Bazıları bir de kurnazlık yapıp demagojik bir söylemle karşımıza çıkıyor. Özel hayatmış, kişilerin kendi tercihleriymiş, kimseyi ilgilendirmezmiş! “Kuran Kurslarında çocuklara tecavüz edildiğinde itiraz etmiş miydiniz” diye bir de tümüyle aptalca, akıldışı bir kıyas yapıyorlar.
Bu tür çirkin, aşağılık fiiller, zulümler her yerde olabiliyor. Aynı şekilde okullarda ve başka yerlerde de maalesef yaşanabiliyor. Aynı duyarlılık orada da gözüküyor mu, hayır! Neden çünkü amaç çocukları savunmaktan, ahlaka, namusa ihtimamdan ziyade Kuran Kurslarını itibarsızlaştırmak!
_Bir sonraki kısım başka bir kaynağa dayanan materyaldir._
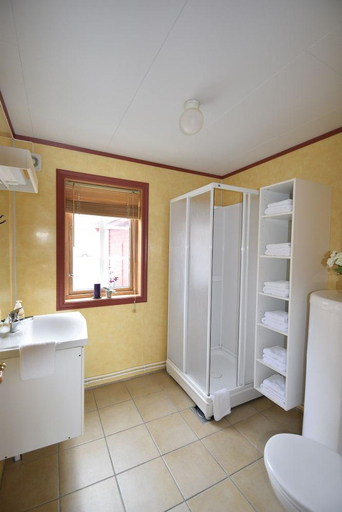 Bathroom, XLyngen, Lyngen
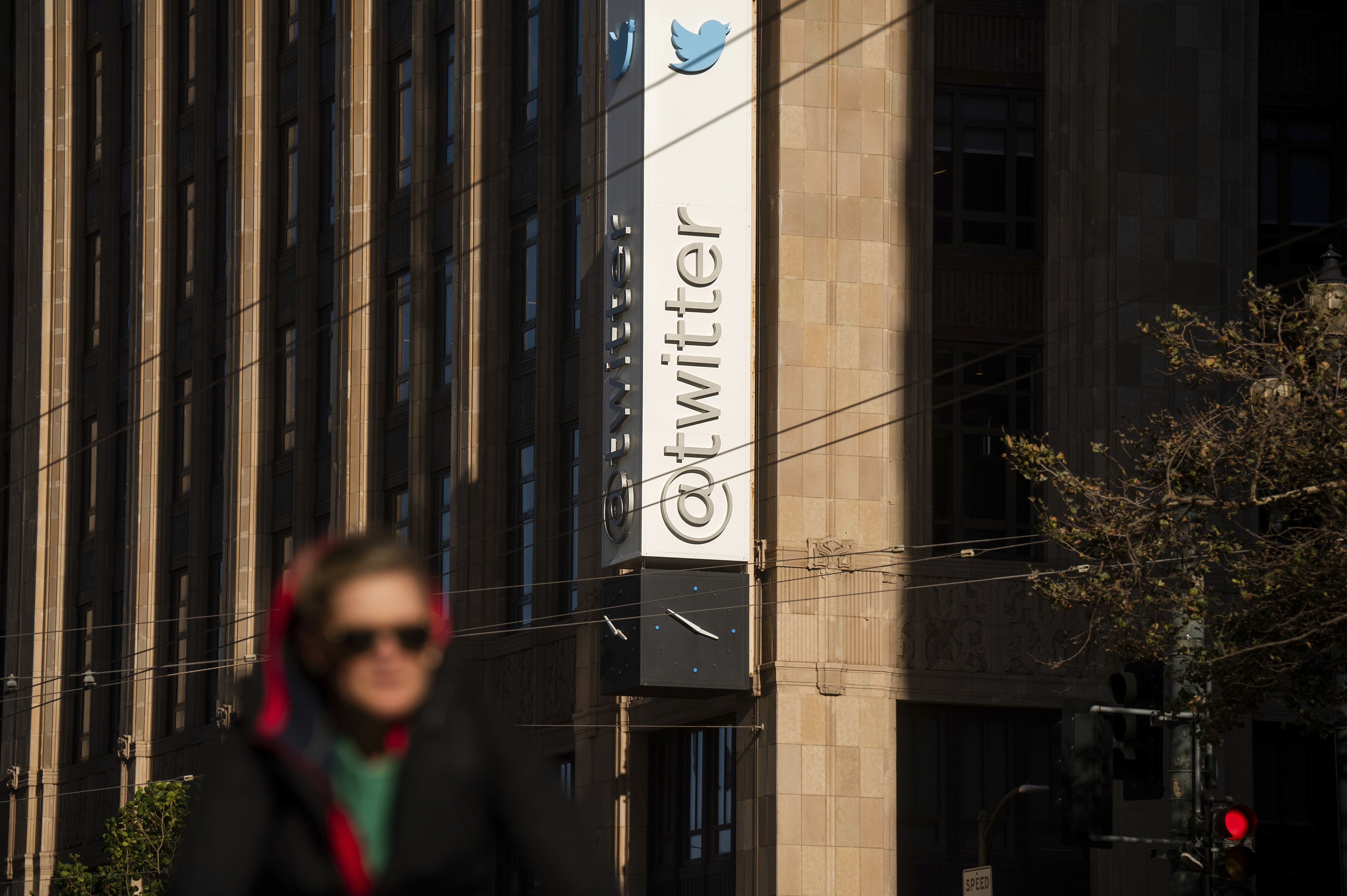 Removal of Days of Rest: Days of Rest has been removed from the calendars of the Twitter employees. It can be known that the Days of Rest refers to the monthly days off to let employees rest and recharge. Twitter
Hiçbir Mümin bu tür alçaklıkları, zalimlikleri savunmamıştır, savunmaz. Ama bu ülkede birileri açıkça sapıklığını ilan ediyor ve birileri de onları savunuyor.
Şunun altını çizelim: Bahsedilen alçakça, zalimce fiiller gizli saklı gerçekleşen ve ortaya çıktığında da herkes tarafından lanetlenen cürümlerdir. Kimse bunların savunuculuğunu, sözcülüğünü yapmıyor. Ama cinsi sapkınlık maalesef belli çevrelerce açıkça savunulan, bir hayat tarzı olarak mücadelesi verilen, kimlik haline getirilmek istenen aşağılık eylemler olarak karşımızdadır. Bu iki durumun karşılaştırılması mantıksızdır, kasıtlıdır ve çirkinliği meşrulaştırma hedefine yöneliktir.
Sonuç itibariyle ciddi, sistematik, yaygın bir ifsat kampanyasıyla karşı karşıya olduğumuzu ve bu çirkinliğin milliyetçilik ideolojisinin, anlayışından beslendiğini görmek zorundayız. Bu cahili anlayış ve tutuma tavır almadan gerçek manada tevhidi bir kavrayışa ulaşmanın mümkün olmayacağını kavramalı ve düşünce ve ilişkilerimizi buna göre tanzim etmeliyiz.
Allah Teala bizi cahiliyenin her türünden, her eğiliminden muhafaza eylesin, Cumamız mübarek olsun!